** Required work **
An exact copy of the whole listing is required.

** Source data **
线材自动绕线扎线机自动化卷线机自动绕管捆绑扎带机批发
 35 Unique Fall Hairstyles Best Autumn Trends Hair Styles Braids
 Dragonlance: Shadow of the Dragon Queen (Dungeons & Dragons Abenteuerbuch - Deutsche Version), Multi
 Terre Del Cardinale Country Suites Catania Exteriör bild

** Result of the task **
线材自动绕线扎线机自动化卷线机自动绕管捆绑扎带机批发
 35 Unique Fall Hairstyles Best Autumn Trends Hair Styles Braids
 Dragonlance: Shadow of the Dragon Queen (Dungeons & Dragons Abenteuerbuch - Deutsche Version), Multi
 Terre Del Cardinale Country Suites Catania Exteriör bild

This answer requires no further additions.